Addiction is never a “creation” within the self, a supposedly weak-character response to a normal situation, but a reaction to an environment of psychological abuse, which also presents no hope for change (and so the person resorts to addiction to cope).
It is vital, therefore, to identify emotional violations and change or leave abusive environments before we can become able to replace addictions with our true needs.
It is however important to also note that addiction has an unfortunate negatively-affirming result:
The more one uses these substances or behaviours to escape their reality and induce a substitute for their sought out feelings of relaxation, peace, excitement, safety and joy, the weaker their natural ability to create those things becomes.
Their brain’s ability to release the hormones that are equivalent to the natural positive emotions of a loved individual becomes weaker and weaker. So they gradually and eventually find themselves believing in a nightmare kind of life, which in turn “requires” further substance use to escape the “reality” of their depleted brain.
It is imperative to not believe what years of abuse and lack of love have convinced us about “reality” and about what our life is supposed to feel like.
Life is meant to feel pleasurable! The only reason that it seems otherwise is because as children we are stuck with the (abusive) parents we get. And they most usually are either unaware or unwilling to admit to the emotional violence that they’re inflicting on their children.
No matter how hard abuse/abandonment is however, it is actually much harder to live in a “reality” that disconnects us from our pain.
As soon as we are able to accept that the reality we grew up in was indeed abusive and thus separate it from the potential that is available in our future, we should passionately and willingly start facing our pain.
Facing our pain is loving ourselves. Pain is simply what happened to us, not something that we deserve, should feel shame about or be blamed for.
So while that choice of addiction is completely beautiful, smart and appropriate as sought after by our subconscious, we simply don’t need to keep making it as adults.

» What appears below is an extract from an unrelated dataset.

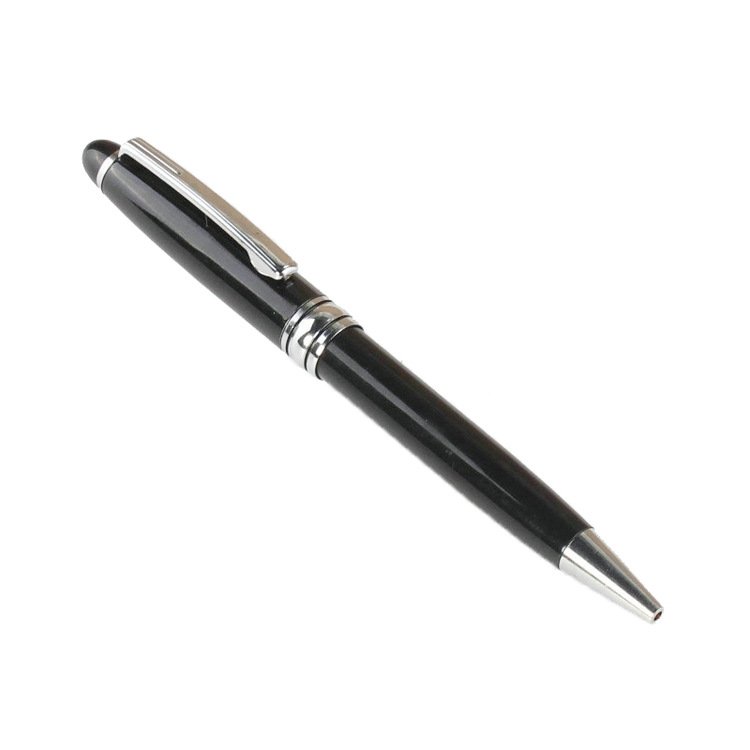 2023 Gift Promotional Ball Pen Customized Logo Black White Slim Metal Body Twist Ballpoint Pen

But that door only unlocks with the key of recognising further and further the details of abuse in our parents’ accidental or purposeful behaviour.
Here, it must be said that our parents’ abilities and intentions do not have an effect in the negative results of their parenting.
While parents can absolutely be well-meaning and innocent, their actions must be measured objectively if humanity is to be set free of abuse and not carry it forward into the next generations.
And that objective measure is only their child’s emotions.
Lastly, anything that we do use as a drug is still part of our healing. Because the drop is actually as beneficial as the high, because the negative emotion becomes both easier to perceive and available for us to access. So if we support the wounded emotion to complete its cycle by allowing it to be felt fully, addiction can be enlisted as an ally to our healing.
Addictions are born only out of our innocent desire for belonging.
We damage ourselves to belong and we seek only the pleasure of belonging/love in everything that we do.
And so it must be that the universal remedy for humanity’s pain of isolation and the addictive coping mechanisms that are only the logical result of a very real and unbearable state of existence is in fact sweeter relationships.